The Viking Moses ‘Crosses’ is out on Poptones Recording Corporation on the 28th of August.  To get your own copy please click here.

Sinister and beguiling song cycle celebrates an odd love story

The Viking Moses (aka Brendon Massei) is yet another graduate from the school of Devandra Banhart. Riding the new wave of new folk with simple acoustic settings, intimate vocals and at times a childlike simplicity, he’s fashioned an album that worms its way into your head with its allusions to well remembered hymns and the use of repetitive structures. A song cycle based on a relationship Massei had with a muse named Emma, the album moves from songs he sang with her to post breakup musings and a yearning to rekindle their flame. Opening song “Still my Home” uses the tune and chorus from Michael Row Your Boat Ashore and lulls the listener into a false sense of security, wrapped in a familiar memory.
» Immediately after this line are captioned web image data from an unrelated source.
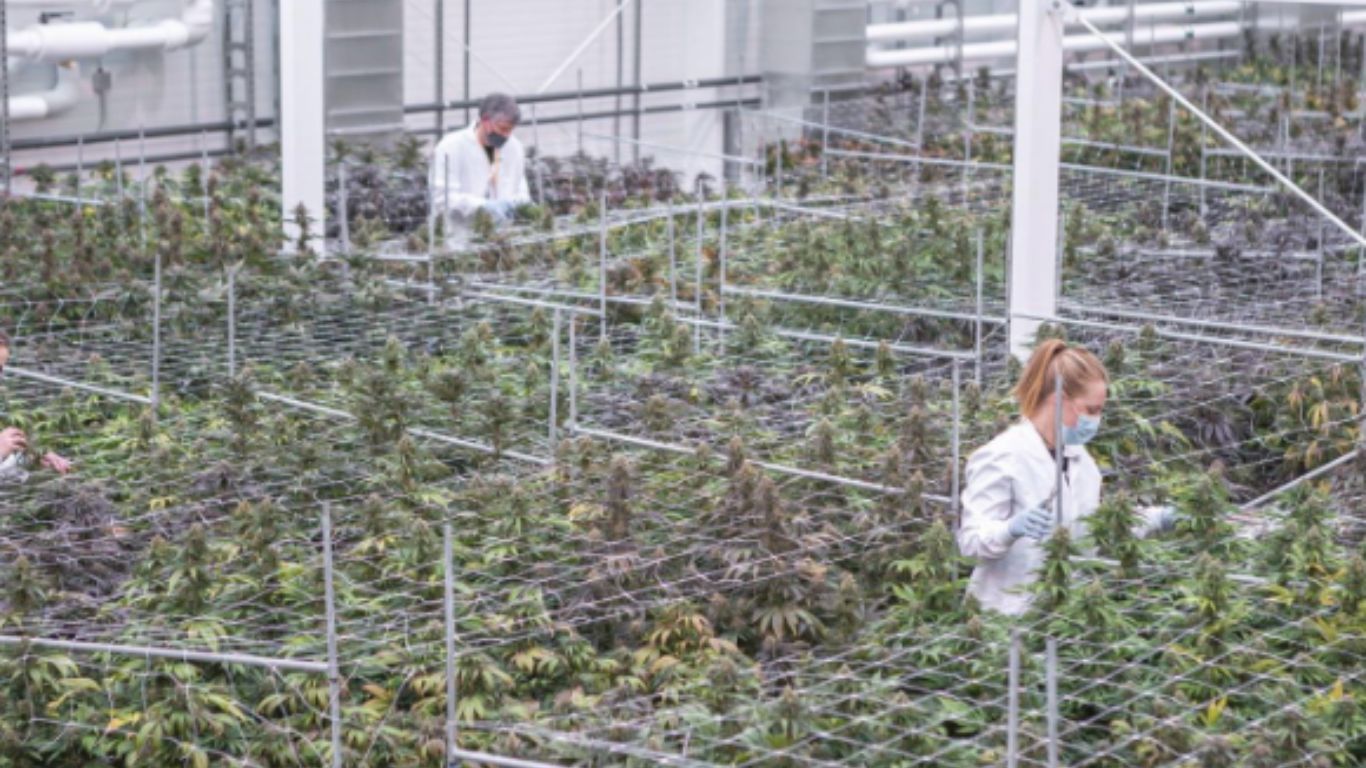 Aurora Cannabis reports record-breaking quarter, continued increases in international market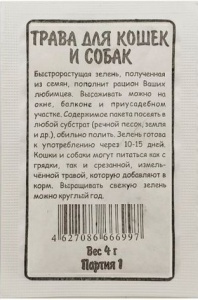 58802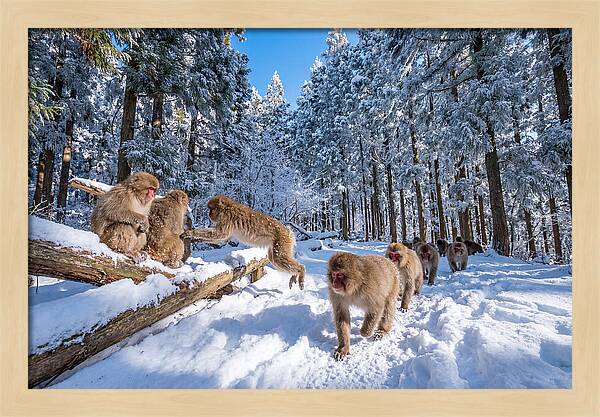 Asian Macaques In Winter Wonderland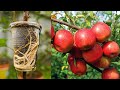🍎Apple tree propagation by air layering using Aloe Vera - easy method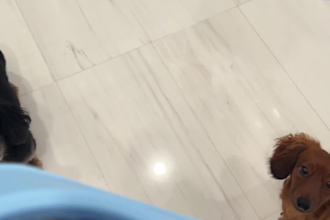 create pet ugc videos for your brand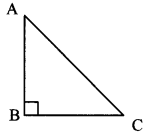 Maharashtra Board Class 7 Maths Solutions Chapter 13 Pythagoras' Theorem Practice Set 48 5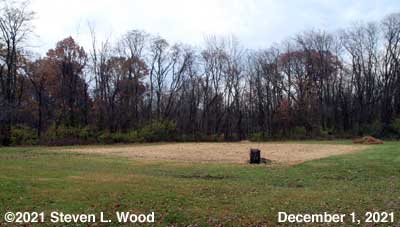 Our East Garden - December 1, 2021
Overall there is a sense of a nostalgic longing to regain innocence lost personified in the idealised Emma. There are hints however that their relationship was not ideal with darker moments in some of the songs. “My Husband’s Hand” hints at a wives’ fear of her husband’s interest in children playing nearby as she promises to bear him one of his own. “Dancing By the Water day” has “our bodies grow close, then break away, and when they do, I’ll cry and pray…” “Whet Stones at Both My Sides” is a bare tale of denial with the singer describing the emptiness and loss of self following the end of a relationship and against all the evidence hoping for a reconciliation, a tremendous song. The album ends on another ambiguous note, a reunion with his soulmate but again the lyrics could be read as a fantasy or even a sinister replacement for the idealised, lost partner.
With delicate guitar, piano and occasional bass providing the backdrop, Massei’s voice is vulnerable, at times sounding like Will Oldham as he dips into childlike rhymes. A short (30 minutes) album, there are numerous highlights, the cantina styled piano that adorns several songs and Massei’s almost nursery rhyme type lyrics. Not as whimsical as Devandra nor as bleak as Oldham, The Viking Moses is an intriguing but rewarding listen.